GithubHelp home page GithubHelp logo

ml's Introduction

PHBS_MLF_2018

Arianna MISERICORDIA 1802010234

Ewa GERUS 1802010260

Noam PELEG 1802010275

Lillah BENARD 1802010264

Prediction of Automotive Accident Severity

MOTIVATION:

The motivation behind our research is the understanding of specific conditions that affect the severity of an automotive accident. The purpose of this project is to highlight impactful variables while operating a vehicle in order to improve accident prevention.

GOAL:

We executed a classification based on U.K. road accidents ranging from 2014 to 2016 using the methodologies covered in class (Logistic Regression, Neural network, KNN, Decision tree). Our classification specifies the impact of certain features on car wreckage.

DATA SOURCE:

The data collected comes from the U.K. government who amassed traffic data based on police reports. The analysis of data executed here is composed of the U.K. road accidents from 2014 to 2016.

Accidents are recorded according to these features:

  • Reference Number
  • Grid Ref: Easting
  • Grid Ref: Northing
  • Expr1
  • Severity
  • Day of the week
  • Time (24hr)
  • 1st Road Class
  • Road surface
  • Accident date
  • Weather condition
  • Lighting conditions
  • Number of vehicles
  • Casualty class
  • Sex of casualty
  • Age of casualty
  • Type of vehicle

DATASET SOURCE:

https://data.gov.uk/dataset/6efe5505-941f-45bf-b576-4c1e09b579a1/road-traffic-accidents

METHODOLOGY:

I. Data preprocessing:

data preprocessing

  • Merging datasets

  • Dropping columns containing references (Reference number, Grid Ref: Easting, Grid Ref: Northing) and correlated variables (Lighting conditions, Accident Date).

  • Dealing with missing data by deleting observations that are labeled with NaNs.

  • Listing variables:

    • Time (24hr): Day-time, Night-time
    • Weather conditions: Fine, Snowing, Raining, Fog, Other
    • Type of Vehicle: Car, Bus, Goods vehicles, Motorcycle, Other
    • Day: Weekday, Weekend
    • Casualty class: Passenger, Pedestrian, Driver
  • Creating dummies out of categorical variables and dropping variables containing the same information (Sex of casualty_Female, Day_Weekday, Time (24hr)_Day-time)

  • Resampling unbalanced data

    • Slight: 6739, Serious: 957, Fatal: 48

      • Undersampling from slight to serious
    • Slight: 957, Serious: 957, Fatal: 48

      • Oversampling from fatal to serious
    • Slight: 957, Serious: 957, Fatal: 957

II. Standardization and PCA:

  • Standardization

  • PCA

pca

We utilize the first 12 components as they make up approximately 90% of the variance.

III. Prediction:

Accuracy of each of the following methods were examined to choose the best classifier for reaching our goal.
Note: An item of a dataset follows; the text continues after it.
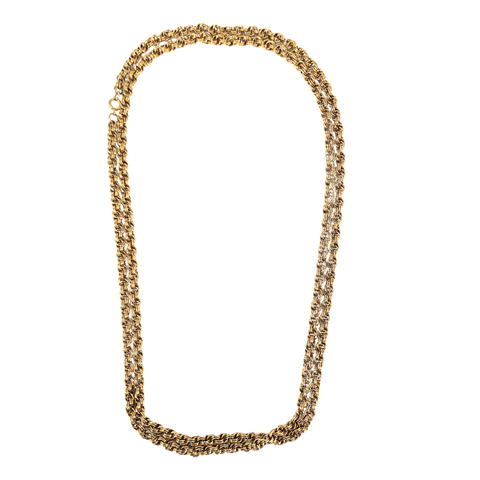 Vintage 70s Long LInk chain Necklace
To implement the methods mentioned below, scikit-learn and Keras were used.

To avoid overfitting, we used K-fold cross-validation method with ten splits.

Decision Tree

  • The graph below shows the depth that returns the best accuracy based on the number of features that we have in the dataset.

kfold decision tree

  • K-fold best mean accuracy is 73.95% (standard deviation 2.64%) for a decision tree depth equal to six.

decision tree

  • The three most important features in the decision tree model are: Casualty Class_Pedestrian, Road Surface_Dry, Road Surface_Wet or Damp.

Random Forest

  • The mean accuracy is equal to 67.15% (standard deviation 3.98%).

Neural Network

  • Using preprocessed standarized data followed by PCA.
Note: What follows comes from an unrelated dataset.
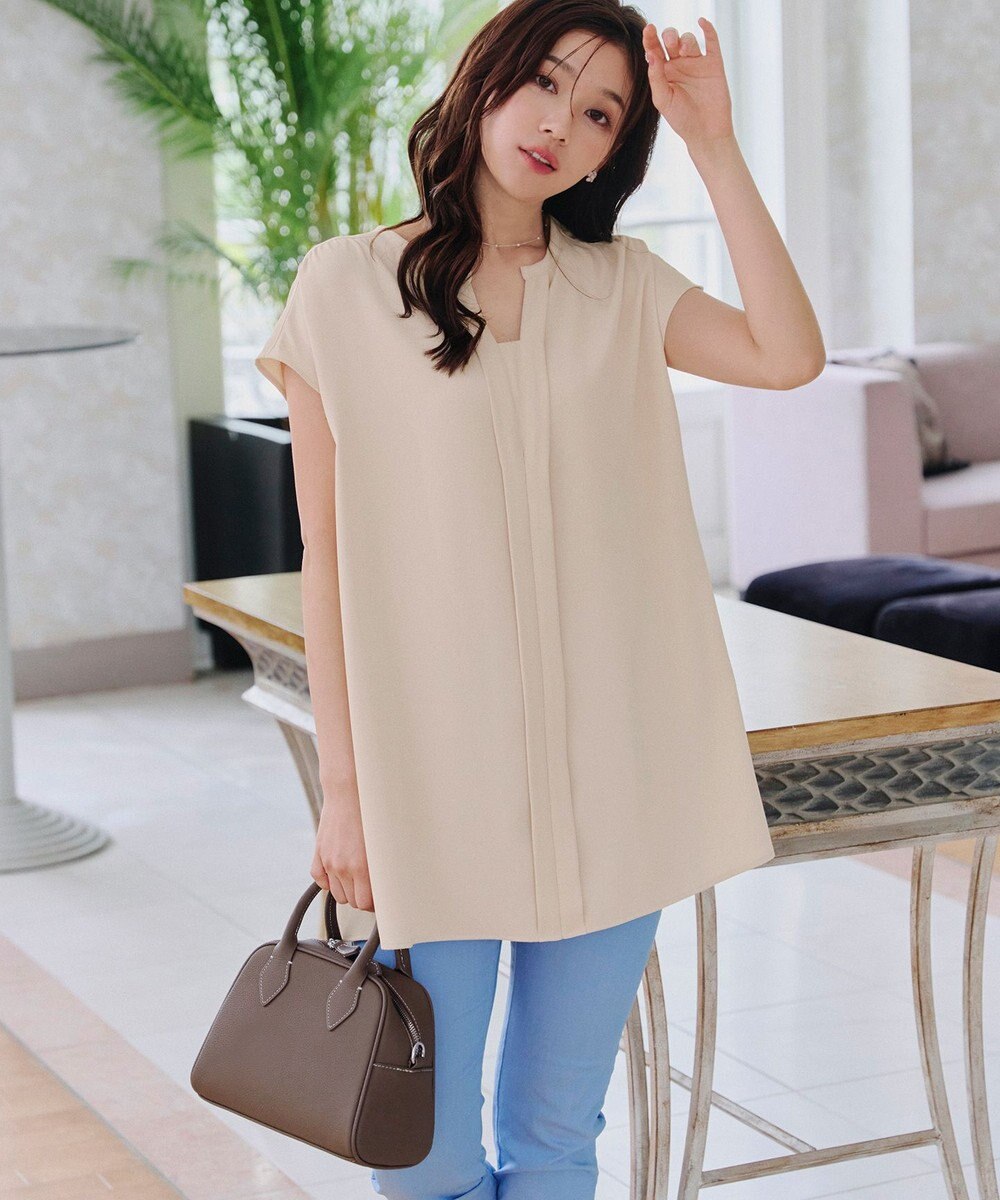 Tiaclasse 【本革】2WAYステッチハンドバッグ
  • Two hidden layers each containing 24 nodes.

  • The mean accuracy is equal to 72.66% (standard deviation 2.95%).

KNN

  • Using preprocessed standarized data followed by PCA.
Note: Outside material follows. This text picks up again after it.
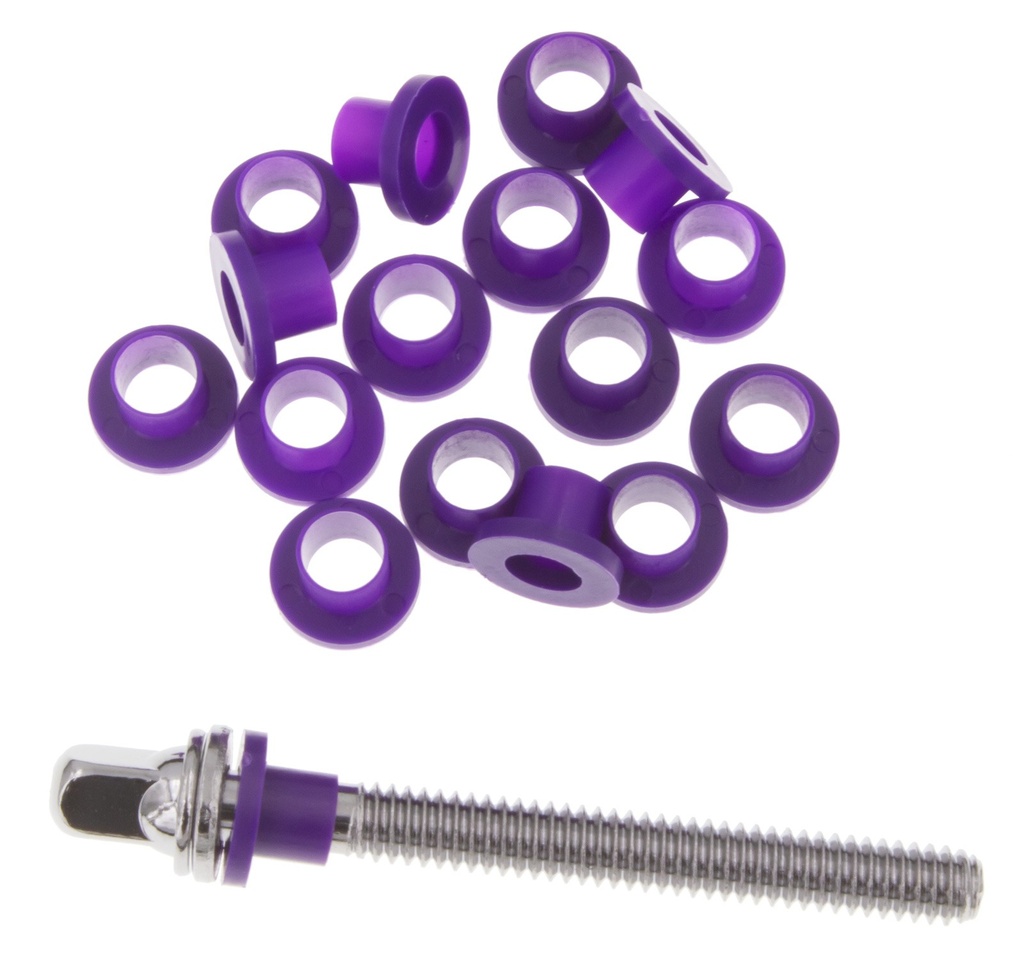 TRW20P - Rondelles nylon pour tirants - Violet (x20)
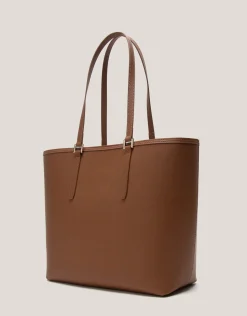 Bolso shopper Sama piel cámel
  • The graph below shows the number of neighbors that returns the best accuracy based on the number of features that we have in the dataset.

kfold knn

  • K-fold best mean accuracy is 71.37% (standard deviation 2.77%) for number of neighbors equal to five.

Logistic Regression

using PCA

  • The mean accuracy is equal to 53.12% (standard deviation 2.32%)

without PCA

  • Dropping reference variables.

  • Dropping 'Weather Condition' variable due to its high correlation with 'Road Surface'.

  • The mean accuracy is equal to 54.09% (standard deviation 3.03%).

logistic regression

CONCLUSION:

sans titre

The best model is the decision tree with a mean accuracy of 73.95%.

We can conclude that the three most important features that affect the severity of an automotive accident are: Casualty Class_Pedestrian, Road Surface_Dry, Road Surface_Wet or Damp.

Recommend Projects

  • React photo React

    A declarative, efficient, and flexible JavaScript library for building user interfaces.

  • Vue.js photo Vue.js

    ๐Ÿ–– Vue.js is a progressive, incrementally-adoptable JavaScript framework for building UI on the web.

  • Typescript photo Typescript

    TypeScript is a superset of JavaScript that compiles to clean JavaScript output.

  • TensorFlow photo TensorFlow

    An Open Source Machine Learning Framework for Everyone

  • Django photo Django

    The Web framework for perfectionists with deadlines.

  • D3 photo D3

    Bring data to life with SVG, Canvas and HTML. ๐Ÿ“Š๐Ÿ“ˆ๐ŸŽ‰

Recommend Topics

  • javascript

    JavaScript (JS) is a lightweight interpreted programming language with first-class functions.

  • web

    Some thing interesting about web. New door for the world.

  • server

    A server is a program made to process requests and deliver data to clients.

  • Machine learning

    Machine learning is a way of modeling and interpreting data that allows a piece of software to respond intelligently.

  • Game

    Some thing interesting about game, make everyone happy.

Recommend Org

  • Facebook photo Facebook

    We are working to build community through open source technology. NB: members must have two-factor auth.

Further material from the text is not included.